- Opening Delimiter -
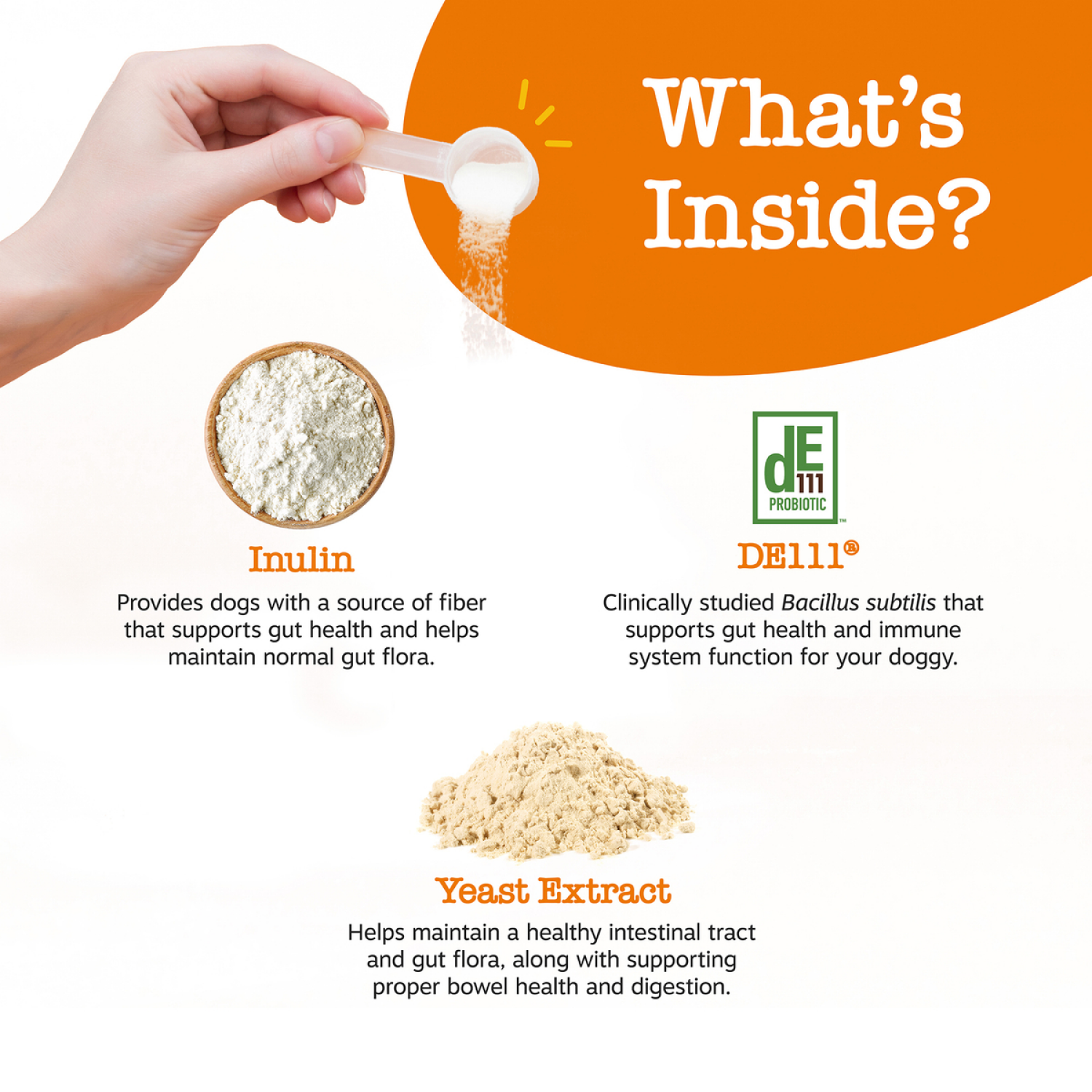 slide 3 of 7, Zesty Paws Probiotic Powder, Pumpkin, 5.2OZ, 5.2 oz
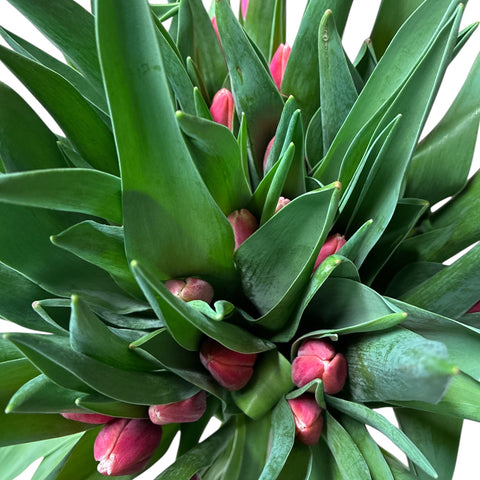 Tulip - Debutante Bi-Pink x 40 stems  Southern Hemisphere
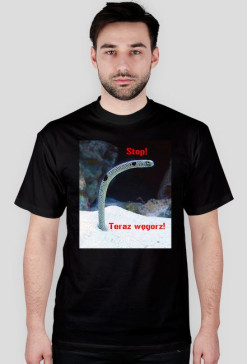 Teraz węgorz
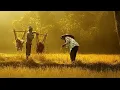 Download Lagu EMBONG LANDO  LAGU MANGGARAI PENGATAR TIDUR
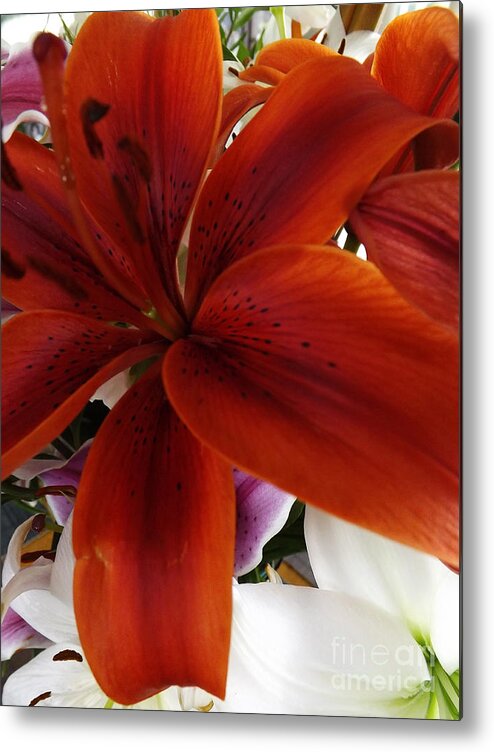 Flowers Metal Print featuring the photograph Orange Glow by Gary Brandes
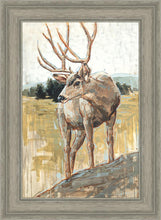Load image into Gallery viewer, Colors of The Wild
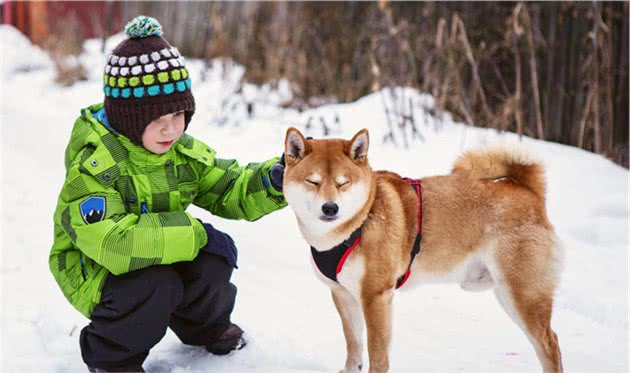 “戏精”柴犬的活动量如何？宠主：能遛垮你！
- Closing Delimiter -
An exact copy is needed of every line from the one holding "Flowers Metal Print" to the end of the entries above, both ends kept and each picture dropped.

## Exercise output:
 Flowers Metal Print featuring the photograph Orange Glow by Gary Brandes
Load image into Gallery viewer, Colors of The Wild
 “戏精”柴犬的活动量如何？宠主：能遛垮你！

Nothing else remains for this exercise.